This project created video series that demonstrate a specific adult physical examination taught in N332 Physical Assessment. The various formats of the videos were integrated to online courses posted in Blackboard, to self-paced web tutorials for online learning and to video iPods for mobile learning.

This demo session of the physical examination was taught each year to about 150-200 students in N332 Physical Assessment and Diagnostic Reasoning at Duke University School of Nursing. Faculty, actors, models who were involved in this demo had to repeat the same live demo to show many different sections of students before doing a laboratory practice.

This shift to ‘in house material’ videos and the subsequent movement of the clips to iPOD has changed instructors’ teaching in a major way. Because instructors not longer have to use live demo or non Duke specific video material the content drift for the course is much reduced. It has also very significantly affected the teaching style of at least 7 faculty and their respective courses.

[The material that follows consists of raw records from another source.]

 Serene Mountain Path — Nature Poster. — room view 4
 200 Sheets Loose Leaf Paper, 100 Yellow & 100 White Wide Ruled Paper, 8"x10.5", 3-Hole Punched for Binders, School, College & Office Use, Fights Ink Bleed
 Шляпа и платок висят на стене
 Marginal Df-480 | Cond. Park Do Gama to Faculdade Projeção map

In addition, after instructors were able to fully utilize the videos this semester, the students have been so enthusiastic that they are moving ahead with this resource and influencing and enhancing their applications.

“The huge student enthusiasm for this product has convinced me that convenience and portability is very valuable to our students…likely to others…The university could do more to support these initiatives. They are time and resource intensive to start but the payoff is very good.” Dr. Susan Denman, the project primary investigator said when she evaluated this project.

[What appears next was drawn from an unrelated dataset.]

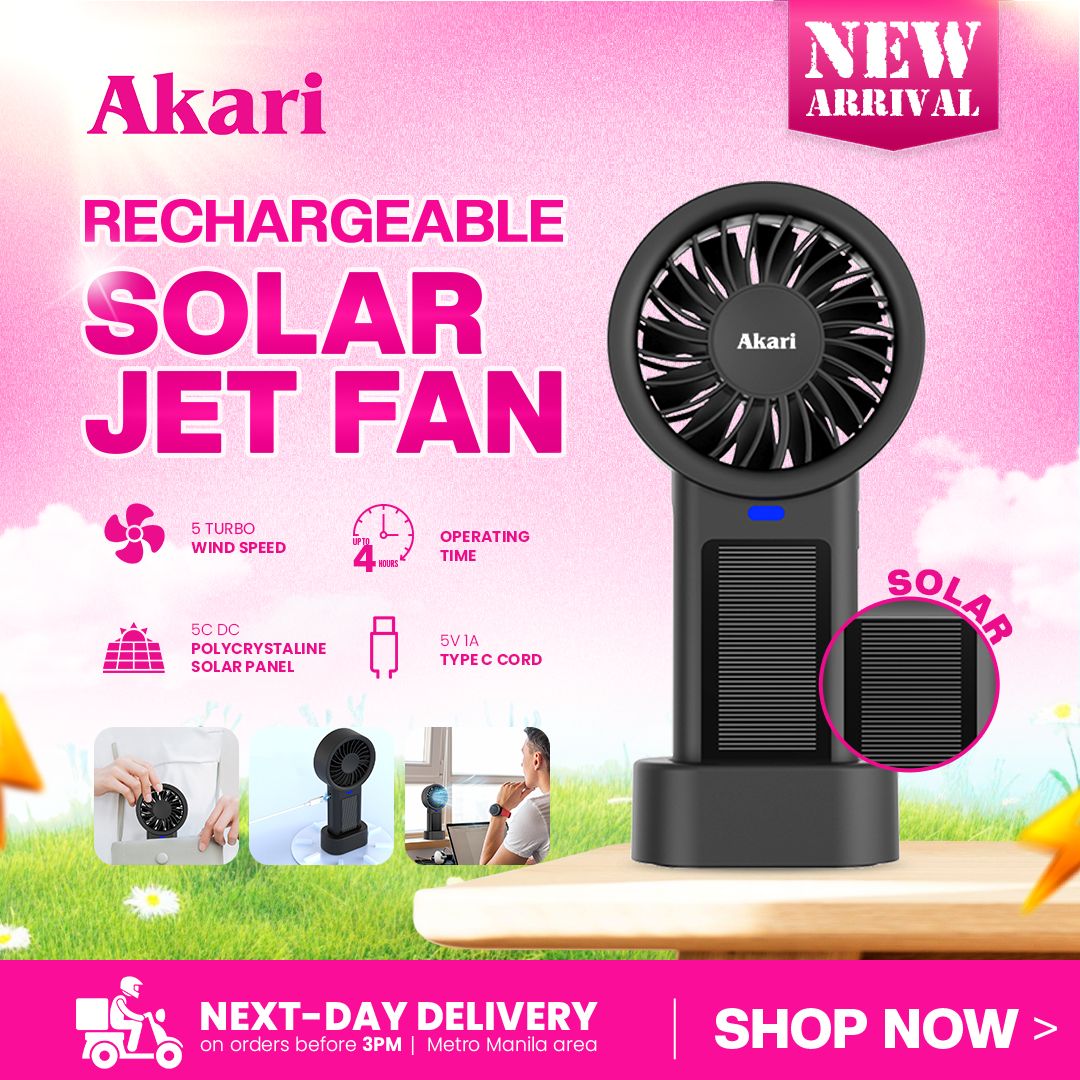Akari Rechargeable Solar Jet Fan (ARF-NS95B) – Akari.store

Project start date: 4/20/2006
Funding awarded: $ 3,250

Additional Information

Center for Instructional Technology showcase poster on this project

Duke University Media Services was funded by CIT for field production



Opinion polls and blogs in a large class

Queen Utley-Smith, Assistant Professor, School of Nursing

Project Description

As part of the CIT’S Spring 2006 Fellows program designed for faculty teaching large classes, Dr. Queen Utley-Smith wished to be more creative in her use of teaching strategies to keep her students interested and engaged.

In the program, Utley-Smith and the other Fellows were introduced to a wide range of methods to enhance student learning and engagement in large courses including new approaches to lectures and effective use of student feedback and groups. She tried to use Blackboard’s blogs in her Health Promotion and Disease Prevention (N502) class for guided student reflections. She also used “opinion polls” to determine student attitudes about health promotion and to then use their responses as a starting point for facilitated discussion, which worked well for her.

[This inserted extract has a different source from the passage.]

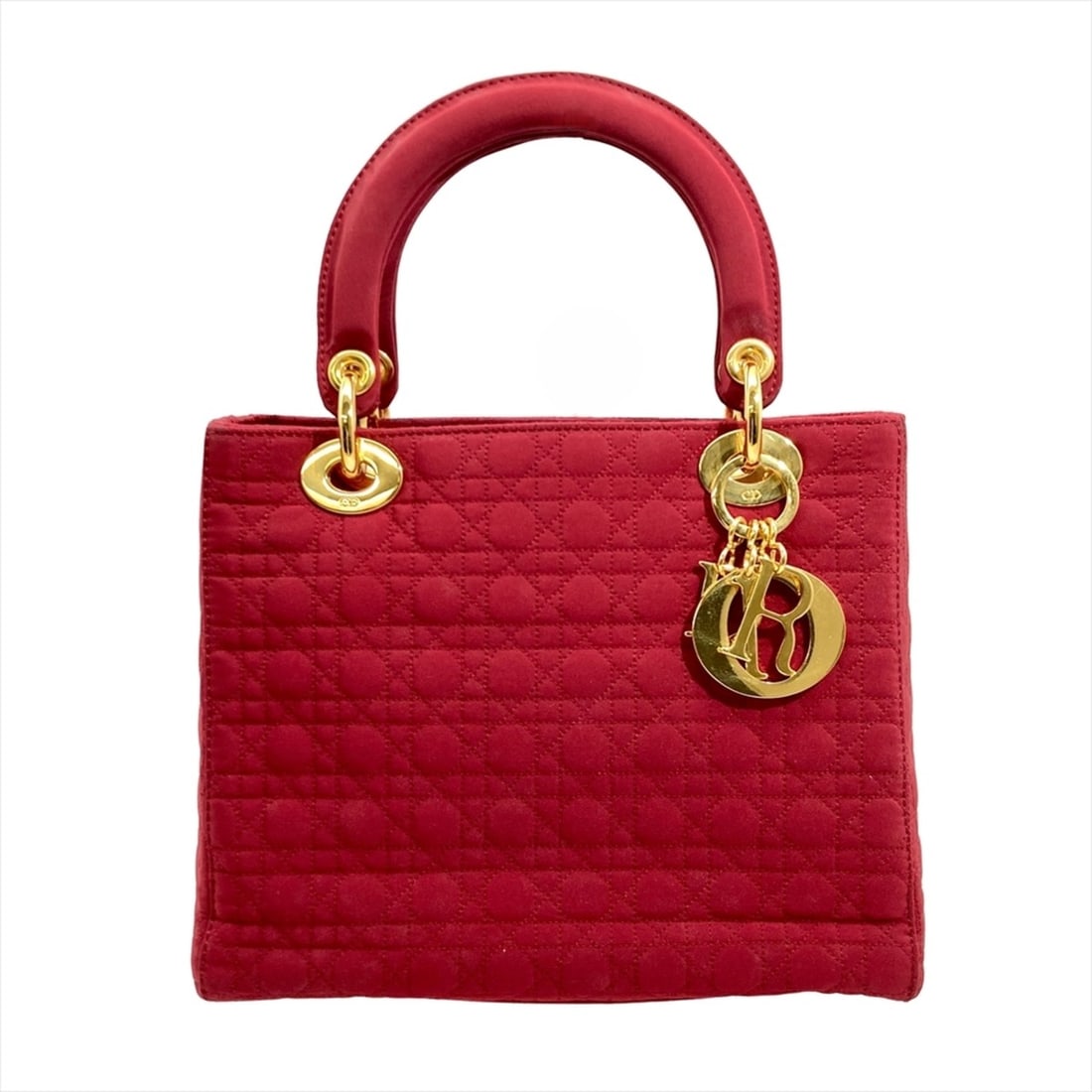 Christian Dior Lady Cannage Handbag, Microfiber, CAM44550, Red, Gold Hardware, Women's: --- Catalog ---Category: SizeSize (HxWxD): 19cm x 24.5cm x 10cm / 7.48'' x 9.64'' x 3.93''Category: DesignType: HandbagColor: Red colorGender: WomenMaterial: Microfiber Category: GeneralMPN: CAM44550B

She reported that some strategies she applied to her N502 course were successful in keeping her students interested and engaged and she would be certain to use in the future a number of ideas that were presented during the Fellows program.

Project start date: 1/2006
Funding awarded: $ 1,250



Managing a large class: Problems and solutions

Elizabeth Hill, Assistant Professor, School of Nursing

Project Description

As part of the CIT’s Spring 2006 Fellows program designed for faculty teaching large classes, Dr. Elizabeth Hill wished to find solutions on how to keep approximately 50 students with hugely varying backgrounds engaged in a course that requires understanding and applying concepts that are often new to them and can be quite complex.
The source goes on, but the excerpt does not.